BAKIR IZETBEGOVIĆ, Chairman of the Presidency of Bosnia and Herzegovina, said that today’s world was a scene of unfolding crises and mounting challenges, and first and foremost among them was the disaster in Syria. The regime of Bashar al-Assad was answering the yearning of his people for freedom and democracy with guns and bombs, just as his father’s regime had done 30 years ago. “This is revolting and morally reprehensible — but so is our collective failure to stop it,” he said. Once again, the international community was standing idly by while a human tragedy of dramatic proportions unfolded before its eyes.
The images coming from Syria were reminiscent of the tragedy in Bosnia, which had gone through the same horrors not long ago. Recalling that the Secretary-General had visited the Srebrenica genocide site to mark its 20-year anniversary, and there he had said that he did not want to see any of his successors visiting Syria after 20 years to apologize for the United Nations failure to protect civilians. The best way to honour the victims of Srebrenica would have been to learn the lessons of that failure, and not to commit the same errors ever again. Sadly, the United Nations, and especially the Security Council, had failed to do so. “The international community has chosen, yet again, to repeat the trial-and-error pattern of policies that failed in Bosnia and Herzegovina,” he said, adding that the resolutions, statements of concern, ineffective sanctions, observers and no mandate to protect civilians had deadly consequences that had been demonstrated in his country.
“Who could have predicted such an explosion of freedom in the Middle East?” he asked. As a Security Council member, he had strongly supported those aspirations for greater freedom and democracy. At the same time, turning to the “deeply troubling” Israeli-Palestinian stalemate, which continued unabated, he stressed that the peace process was not moving forward. “The chain of violence is not broken,” he said. A new impetus to negotiations was urgently needed, because there was no alternative to a negotiated solution. The Palestinians had every right — historic, moral and legal — to a State of their own, and Israel had every right to its security. The occupation must end, but so must the terror and violence. All attempts to create new realities on the ground in the hope that those would become accepted as a starting point must be rejected, he said, adding that Israel should immediately end all settlement activities in the Palestinian territories — the “most serious obstacle to peace”. Moreover, he said, “the state of affairs of 60 or 6,000 years ago is not the right point of reference”. Instead, it should be the principle of peaceful coexistence between two sovereign States that guided a just resolution to the conflict.
There was no inherent contradiction between Western and Islamic values, he continued, adding “there is no clash”. There were only those who needed to create a false perception of clash in order to come to power or maintain their hold on power. Many of the world’s societies were in transition, yearning to find a balance between traditional and modern values. The relation between the West and the Islamic world and between their respective value systems would be “one of the most critical issues of our time”. That relationship would pass through crises and periods of misunderstanding and intolerance, but the world must keep searching for a formula, for a model of how to reconcile that relationship.
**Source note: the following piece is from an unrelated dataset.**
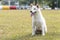 White Shiba Inu or Hokkaido Inu. White dog standing in the playground. Shiba inu dog the yard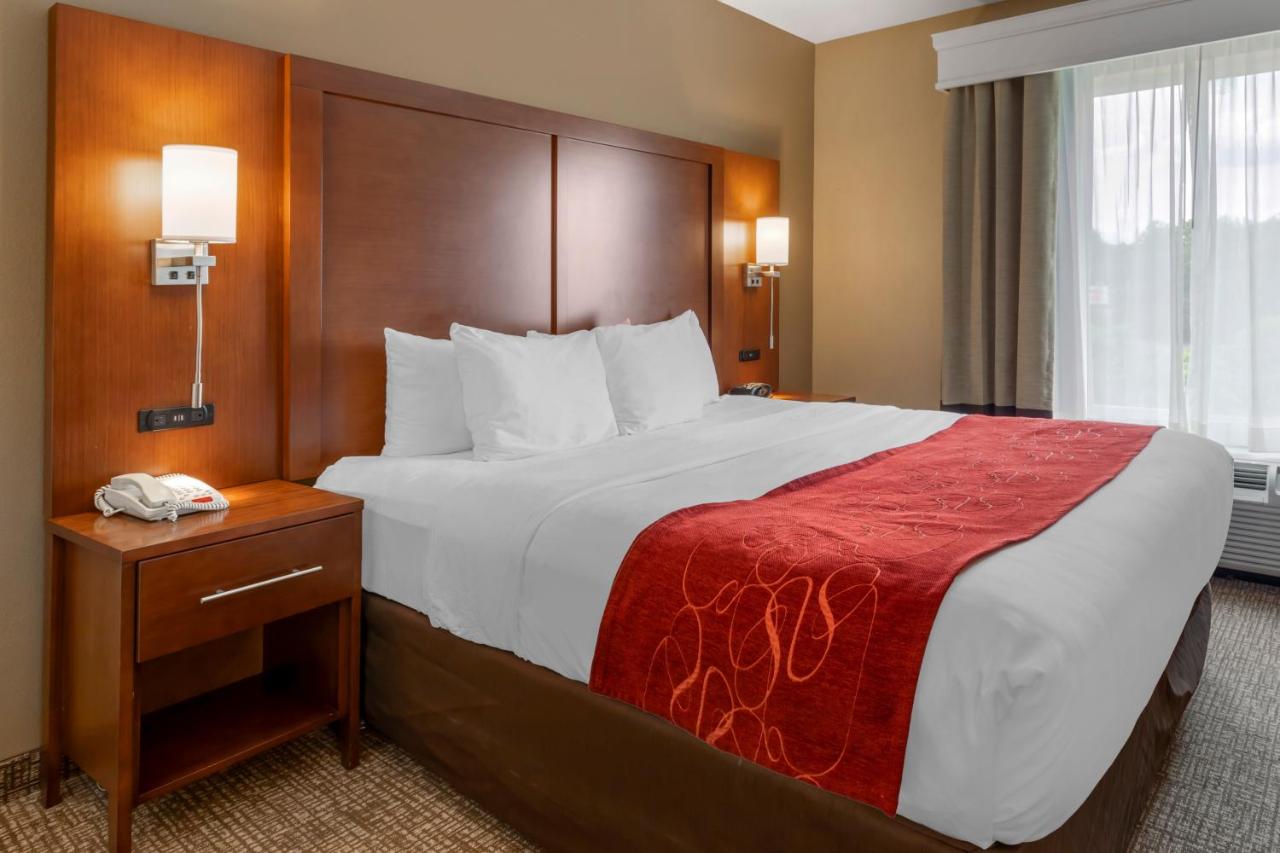 King Suite - Accessible/Non-Smoking at Comfort Suites Knoxville North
Bosnia and Herzegovina, situated at the westernmost range of Orthodox Christianity and Islam and the easternmost range of Catholicism, represented the meeting point of civilizations — a bridge between East and West. It had enjoyed 1,000 years of tolerance and respect among its citizens; however, a great struggle was now under way between the idea of coexistence and the idea of division. The outcome of that struggle would have a significant bearing on resolving one of the greatest challenges of our time — that of conflict versus cooperation. Indeed, the world was changing at a speed and in a direction that was rightfully worrisome, as inequality, injustice and intolerance were rising. Those unsettling trends would be reversed only by a decisive and coordinated global action, he said.